Auto-subgrouping is performed on certain lists of items that have already declared to be in lexical order. For example, if you have about 900 items in alphabetical order, they can be split into 30 items (a screenful, say), each containing 30 items. The names of the first level of items can be derived from names of the first and last subitems. How are the subgroup sizes determined?

First, we need the total number of items, N, and the challenge, C, the maximum menu size. If we’re asked to fit in a smaller number than the challenge, it’s no challenge at all, and we just throw every one in. We might have to use more than two levels to meet the challenge, so a recursive algorithm is in order, and we can use NC as the terminating condition.
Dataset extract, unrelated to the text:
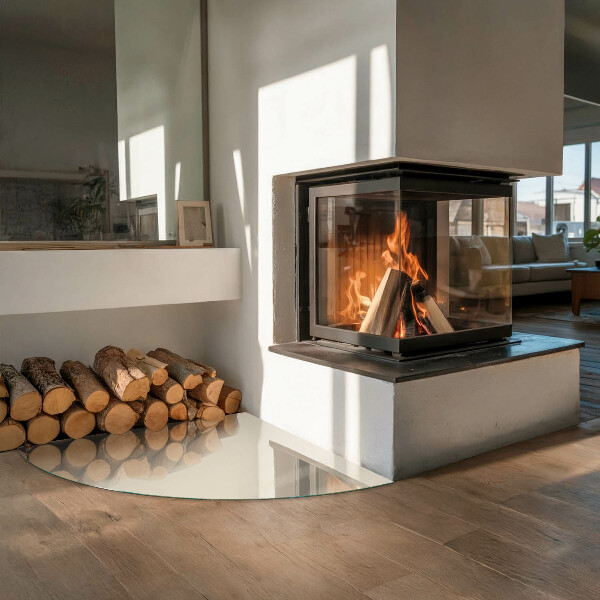 Četrtina kroga ognjevarno steklo za kamin Barva Bež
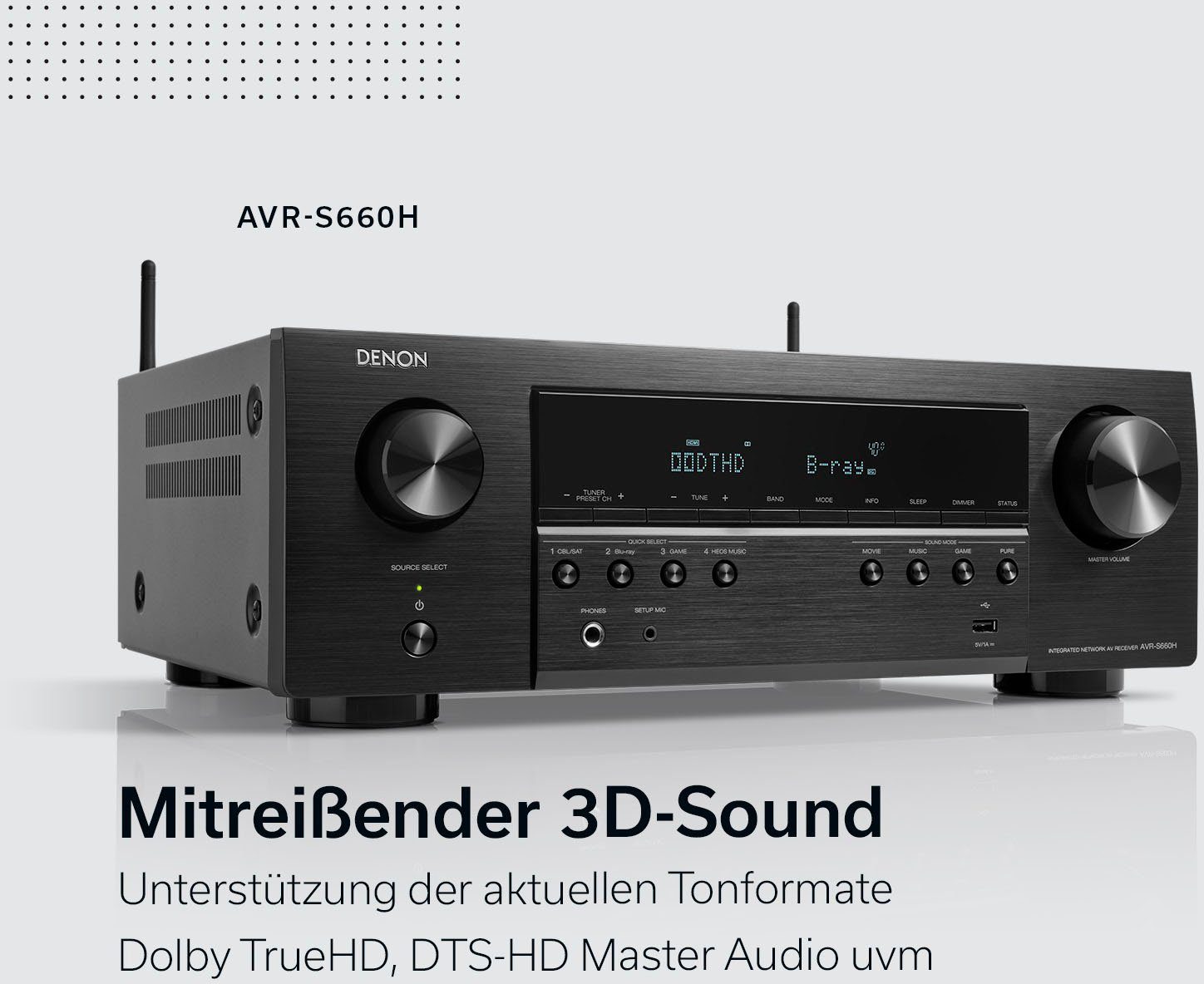 Denon AVR-S660H 8K- 5.2 Heimkinosystem (Bluetooth, LAN (Ethernet), WLAN)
Now we get an upper bound on the depth required. We repeatedly divide N by C until we get within C. This is like taking the base-C logarithm of N, but we’re careful to round up at each stage. We start with a depth d of 1, and increment for each division.

If we used C as the number of groups at the top level, and so on with each sublevel but the last, the last level could end up with an incongruent number of items per submenu, something much less than C. Instead of splitting the items into C top-level groups, we compute G, the dth root of N, and round up. (This should never be more than C.)

With G groups, we need N′=N÷G items per group on average. We’ll split this into N0=⌊N′⌋ and N1=⌈N′⌉. If we put just N0 into each subgroup, we will probably not get all items in, so we make some of the middle subgroups have N1 items.

The name of each group is then derived from the names of the first and last items assigned to it. For example, if the first and last items are called Fred and Jim, the group can be called Fred…Jim. However, to keep these names short, we compare (say) Fred to the name of the last item of the previous group (say, Fran). These differ at the third character, so we can afford to shorten Fred to Fre. If the item after Jim is John, it can be shortened to Ji. The group is then named Fre…Ji.

Finally, we reapply subgrouping to each group recursively, which will stop if we’ve already met the challenge.